Through October 9 at The New Museum, 235 Bowery, New York, NY Info
Now open: The Cheech Marin Center for Chicano Art at Riverside Art Museum
This museum has been in discussion for more than two decades, by my count, so Saturday was a red-letter day for the history of art in Southern California. On June 18, the Riverside Art Museum opened its Cheech Marin Center for Chicano Art and Culture in a handsomely renovated, 61,000-square-foot former library building in the city center, writes Christopher Knight in the LA Times. No other museum presents a substantive permanent exhibition focused on any critically important facet of the region’s bountiful postwar art history, which is the basis on which Los Angeles has become a global cultural capital over the last generation. Above: The inaugural permanent collection installation at the Cheech features nearly 100 paintings and drawings. Photo ©Christopher Knight / Los Angeles Times
The Cheech, as the Riverside facility has inevitably been nicknamed, given its celebrity origin in the art collection assembled over 30 years and donated by comedian-actor Cheech Marin, is a first. Chicano art is offered in concentration — serious, playful and in a sprawling range of visual vocabularies, some more successful than others, all worth taking in. Read the entire feature here
The Cheech Marin Center for Chicano Art at Riverside Art Museum, 3581 Mission Inn Ave., Riverside, CA Info
L.A. Memo: Chicana/o Art From 1972-1989
Highlighting the artistic contribution that Los Angeles-based Chicana/o artists made to American art, this exhibition, consisting of 51 artworks by 31 artists, investigates how Chicana/o artists in the wake of the Chicano Moratorium adapted new modes of image-making and self-expression borrowed from the expanding media culture of the 1960s to create a pivotal genre of art that broke barriers to tell their stories through various media. Above: Patssi Valdez, “Pillow Talk” (1979–80),
During the Chicano Movement and the Moratorium, writes Matt Stromberg in Hyperallergic, printmaking emerged as a democratic medium that could inexpensively and quickly disseminate ideas and images. Several prominent artists are represented here through prints, including Gronk, Herrón, Barbara Carrasco, and John Valadez. Many of these were printed by Self-Help Graphics, an influential community-based printmaking studio founded in 1973, which has played in producing and promoting Chicana/o art.
Through August 14 at LA Plaza de Cultura y Artes, 501 North Main Street, Los Angeles, CA Info
Continuing through August 20: everything slackens in a wreck at Ford Foundation Gallery
“Everything slackens in a wreck,” wrote poet Khal Torabully about the migration of Asians to the Americas in the nineteenth century.
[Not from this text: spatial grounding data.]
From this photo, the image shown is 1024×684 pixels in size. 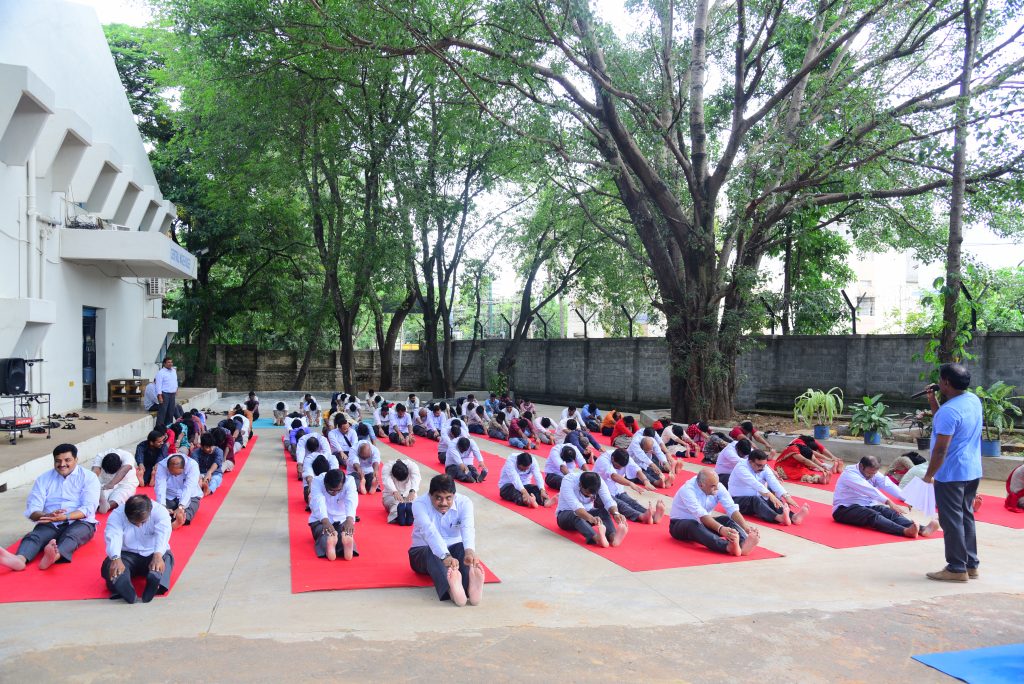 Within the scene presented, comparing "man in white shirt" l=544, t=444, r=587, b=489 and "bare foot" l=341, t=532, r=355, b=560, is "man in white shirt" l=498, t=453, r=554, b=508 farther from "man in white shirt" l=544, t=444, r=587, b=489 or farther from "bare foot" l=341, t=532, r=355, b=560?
"bare foot" l=341, t=532, r=355, b=560

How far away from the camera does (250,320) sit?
3067 cm

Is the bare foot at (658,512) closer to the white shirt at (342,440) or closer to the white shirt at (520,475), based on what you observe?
the white shirt at (520,475)

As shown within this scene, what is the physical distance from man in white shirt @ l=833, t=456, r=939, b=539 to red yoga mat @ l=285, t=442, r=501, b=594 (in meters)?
4.09

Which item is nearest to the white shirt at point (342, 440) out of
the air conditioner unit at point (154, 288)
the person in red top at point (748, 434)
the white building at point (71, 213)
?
the person in red top at point (748, 434)

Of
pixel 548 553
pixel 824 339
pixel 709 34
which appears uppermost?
pixel 709 34

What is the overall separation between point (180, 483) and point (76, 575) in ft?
6.81

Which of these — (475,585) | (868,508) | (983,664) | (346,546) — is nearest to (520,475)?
(346,546)

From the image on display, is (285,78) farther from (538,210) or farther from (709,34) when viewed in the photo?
(709,34)

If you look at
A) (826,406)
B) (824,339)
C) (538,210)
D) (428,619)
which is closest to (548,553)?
(428,619)

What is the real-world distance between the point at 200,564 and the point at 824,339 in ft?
46.5

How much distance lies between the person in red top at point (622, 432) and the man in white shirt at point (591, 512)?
5.91m

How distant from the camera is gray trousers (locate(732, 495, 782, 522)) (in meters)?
8.30

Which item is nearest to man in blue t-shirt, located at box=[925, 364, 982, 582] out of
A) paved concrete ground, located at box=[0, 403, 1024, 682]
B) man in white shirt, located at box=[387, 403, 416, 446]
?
paved concrete ground, located at box=[0, 403, 1024, 682]

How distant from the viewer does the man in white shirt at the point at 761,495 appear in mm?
8305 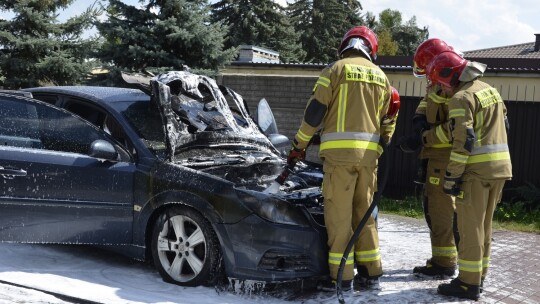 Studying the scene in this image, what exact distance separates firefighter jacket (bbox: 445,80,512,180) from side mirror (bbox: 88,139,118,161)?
102 inches

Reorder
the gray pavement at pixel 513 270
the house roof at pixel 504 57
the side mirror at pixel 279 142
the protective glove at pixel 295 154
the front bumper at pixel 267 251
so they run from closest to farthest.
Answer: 1. the front bumper at pixel 267 251
2. the protective glove at pixel 295 154
3. the gray pavement at pixel 513 270
4. the side mirror at pixel 279 142
5. the house roof at pixel 504 57

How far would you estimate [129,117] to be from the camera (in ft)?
17.5

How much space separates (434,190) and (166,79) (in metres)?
2.49

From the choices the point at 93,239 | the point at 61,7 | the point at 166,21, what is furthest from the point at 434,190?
the point at 61,7

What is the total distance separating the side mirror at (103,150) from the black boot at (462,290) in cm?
278

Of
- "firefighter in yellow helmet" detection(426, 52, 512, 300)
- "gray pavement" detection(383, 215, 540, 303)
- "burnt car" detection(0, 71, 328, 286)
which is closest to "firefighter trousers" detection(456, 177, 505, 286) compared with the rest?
"firefighter in yellow helmet" detection(426, 52, 512, 300)

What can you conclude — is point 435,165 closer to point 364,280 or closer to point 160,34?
point 364,280

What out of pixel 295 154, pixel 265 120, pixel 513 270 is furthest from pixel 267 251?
pixel 513 270

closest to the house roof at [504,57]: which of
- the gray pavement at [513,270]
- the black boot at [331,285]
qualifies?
the gray pavement at [513,270]

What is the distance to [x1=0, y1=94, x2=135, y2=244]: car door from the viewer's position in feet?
16.6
Between 1838 and 1917, over half a million indentured workers were taken to plantations in Guadeloupe, Guyana, Jamaica, Trinidad and Tobago, and elsewhere, intended as replacement labor following the abolition of slavery. Blows were struck to the Hindu caste system, patriarchy, and other systems of power, new forms of culture and knowledge emerged, and, more often than not, better material living conditions for subsequent generations resulted. Above: Kelly Sinnapah Mary, Notebook of No Return: Memories, 2022, Acrylic on canvas
The artworks that comprise everything slackens in a wreck demonstrate both this long, continuing history of survival and the particular contours of the artists’ lives and their necessary choices within the various spaces they inhabit in the Americas. Margaret Chen (Jamaica/Canada), Andrea Chung (USA), Wendy Nanan (Trinidad and Tobago) and Kelly Sinnapah Mary (Guadeloupe) share a lineage in indentureship, and each contends with the complex legacy of this heritage over a century after their ancestors boarded ships headed from Asia to the Americas. They criticize the enduring, destructive impact of processes of colonization, but in their practices they also recognize migrants’ determined survivability, finding and activating productive opportunities in the midst of crisis.
Ford Foundation Gallery (320 East 43rd Street, New York, NY Info
Continuing through September 18: The Clamor of Ornament at The Drawing Center
Bringing together more than 200 objects produced over the past five centuries, The Clamor of Ornament: Exchange, Power, and Joy from the Fifteenth Century to the Present explores ornament in architecture, art, and design through the lens of drawing. The exhibition foregrounds ornament’s potential as a mode of communication, a form of currency, and a means of exchange across geographies and cultures. Above: David Kulp, Presentation Fraktur of a Double Eagle” (c. 1815), courtesy American Folk Art Museum/Art Resource, NY and the Drawing Center
The exhibition features a broad range of drawings, prints, textiles and objects, from eighteenth-century Indian palampores; kosode paper designs; Navajo textiles; Albrecht Dürer’s Islamic-inspired woodblock-print knots to original architectural drawings by Louis Sullivan and Sir David Adjaye; contemporary ornament in the form of logos from luxury fashion brands; and even present-day designs for patisserie.
The Drawing Center, 35 Wooster Street, Soho, New York, NY Info
Continuing through January 16, 2023: Life Between Buildings at MoMA PS1
MoMA PS1’s ad hoc landscape design exhibition details how artists and collectives have historically used New York City’s public spaces to build community organizations. Beginning in the 1970s, at a moment when New York City faced a severe fiscal crisis, grassroots groups across New York City began converting lots into community gardens. This coincided with artists’ efforts to think beyond the confines of the studio, gallery, and museum as sites for their work. At certain moments, these histories intertwined: artists made work in conversation with, and sometimes directly joining, community efforts to rethink the cityscape, recovering space towards creative, communal, and ecological ends. By repurposing liminal and overlooked sites, these groups and artists ask us to rethink how life—human and non-human—can grow in a city where space has become increasingly scarce and nature progressively imperiled. Above: Photograph of Bowery Houston Community Farm and Garden, c. 1965 (currently known as Liz Christy Community Garden)
Works from the 1970s to today detail efforts to occupy what dwindling spaces remain in the real estate capital of the world, from gardens and greenhouses to sidewalks and empty lots.